On the Georgia-Tennessee line in Sept., 1863, Bragg, having temporarily halted his retreat, severely jolted the Federals, who were saved from a complete rout by the magnificent stand of George H. Thomas, the Rock of Chickamauga (see Chattanooga campaign). Grant, newly appointed supreme commander in the West, hurried to the scene and, with William T. Sherman, Hooker, and Thomas's fearless troops, drove Bragg back to Georgia (Nov. 25). After Knoxville, occupied in September, withstood Longstreet's siege (Nov.–Dec.), all Tennessee, hotbed of Unionism, was now safely restored to the Union.
In Mar., 1864, Lincoln, for many years an admirer of Grant, made him commander in chief. Leaving the West in Sherman's capable hands, Grant came east, took personal charge of Meade's Army of the Potomac, and engaged Lee in the Wilderness campaign (May–June, 1864). Outnumbered but still spirited, the Army of Northern Virginia was slowly and painfully forced back toward Richmond, and in July the tenacious Grant began the long siege of Petersburg.

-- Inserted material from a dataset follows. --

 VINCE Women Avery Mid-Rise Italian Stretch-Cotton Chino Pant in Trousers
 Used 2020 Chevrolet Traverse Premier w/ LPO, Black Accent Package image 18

Although Jubal A. Early won at Monocacy (July 9), threatening the city of Washington, the Confederates were unable to repeat Jackson's successful diversion of 1862, and Philip H. Sheridan, victorious in the grand manner at Cedar Creek (Oct. 19), virtually ended Early's activities in the Shenandoah Valley. For his part, Sherman, opposed first by the wily Joe Johnston and then by John B. Hood, won the Atlanta campaign (May–Sept., 1864).